| House prices 'drop 1.9% in March'
According to Halifax, UK house prices have fallen 1.9% in March compared with the previous months. In the opinion of a lender, now part of Lloyds Banking Group, the current conditions in the housing market would be tough in the remaining months of year 2009.
The average UK home now costs £157,226, at least £30,000 less than the previous year. Although there has been a slight rise in house prices in March as reported by the Nationwide, Halifax says the homebuyer confidence was still low.
The annual rate ( which is based on a three-month by three-month comparison) of decline was up slightly with house prices being down by 17.5% in March, compared with a record drop of 17.7% in February. When comparing the average house price from March 2009, compared with March 2008, the drop was 17.6%.

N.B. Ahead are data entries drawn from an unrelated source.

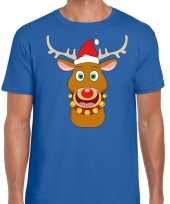 Foute kerst t-shirt rendier rudolf rode kerstmuts blauw heren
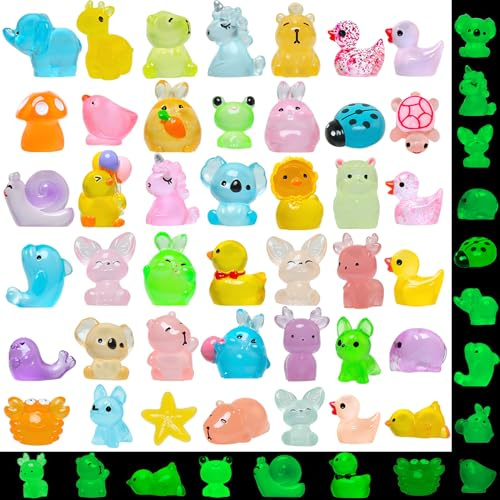 BelleStyle 150 Pièces Mini Animaux Lumineux en Résine, 27 Styles Mini Figurines Animaux Miniatures en Plastique pour Aquarium, Jardin, Micro Paysage, Décoration de Maison de Poupée, Bricolage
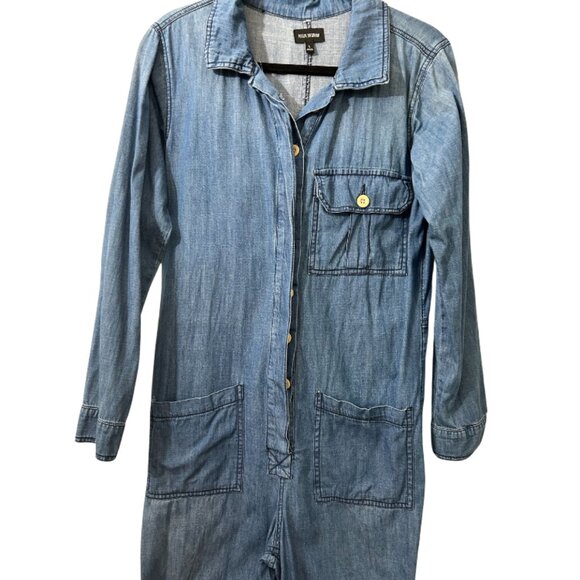 Women’s Long-Sleeve Denim Jumpsuit with Elastic Ankle & Button-Up Closure Size S - Picture 2 of 4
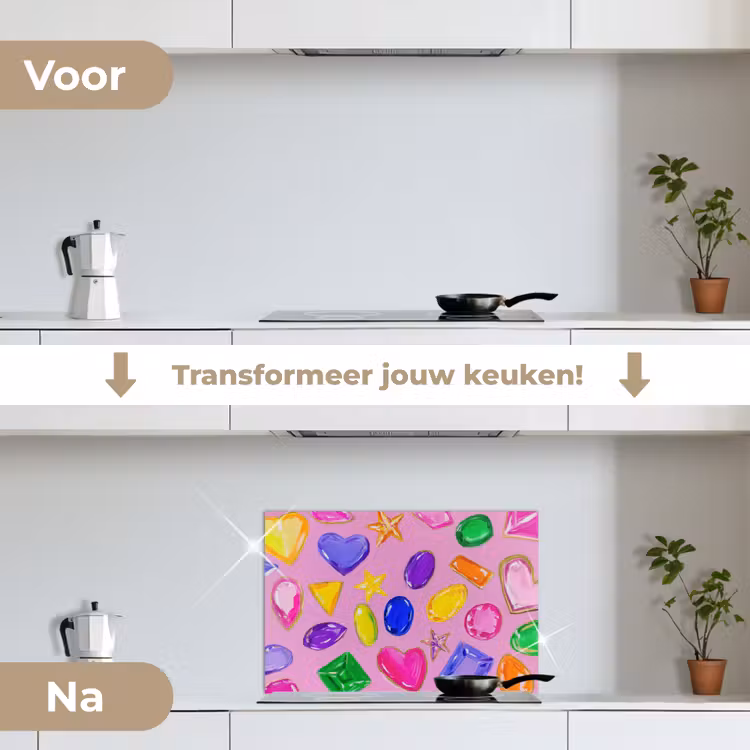 Spatscherm keuken - Edelstenen - Vormen - Hartje - Kleurrijk — 3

According to Martin Ellis, Halifax Housing Economist, conditions in the UK housing market may be tough during the remainder of 2009, despite the improvements in affordability. He said that due to rising unemployment, low consumer confidence and the squeeze on mortgage finance could be the main causes for the exertion of the "downward pressure" on the housing market over the coming months.
The month-on-month change is in contrast to the sudden bounce in the house prices by 0.9% in March as reported by the Nationwide Building Society, UK. They say that it is too early to forecast that the bottom of the house market had been reached, according to their short term rise price figures.
Stability
Nationwide points out that the average UK property price dropped by 4.2% in the first three months of 2009 compared with the last quarter of 2008, according to the less volatile three-month on three-month measure.
Halifax’s suggested house prices had fallen by 2.7% over the last quarter, a much smaller decrease than the 5% to 6% falls it recorded in each of the three previous quarters, ie., in year 2008. Mr. Ellis says that because of more mortgages being approved by banks and building societies recently, houses are more affordable now than at any time since early 2003 and at its toughest in July 2007. He thinks that the existing mortgage-holders were benefitting from the falling bank interest rates.
Mr. Ellis adds that the average existing mortgage borrower was devoting to home loan repayments which fell from a peak of 26.9% of household income in October 2008 to 22.6% in February 2009.
David Smith, senior partner at Dreweatt Neate estate agents, is of opinion that there is an inherent volatility to house price right now and because of this it has become a sideways moving market – with the odd spike up or down - and will remain so most likely for the rest of 2009.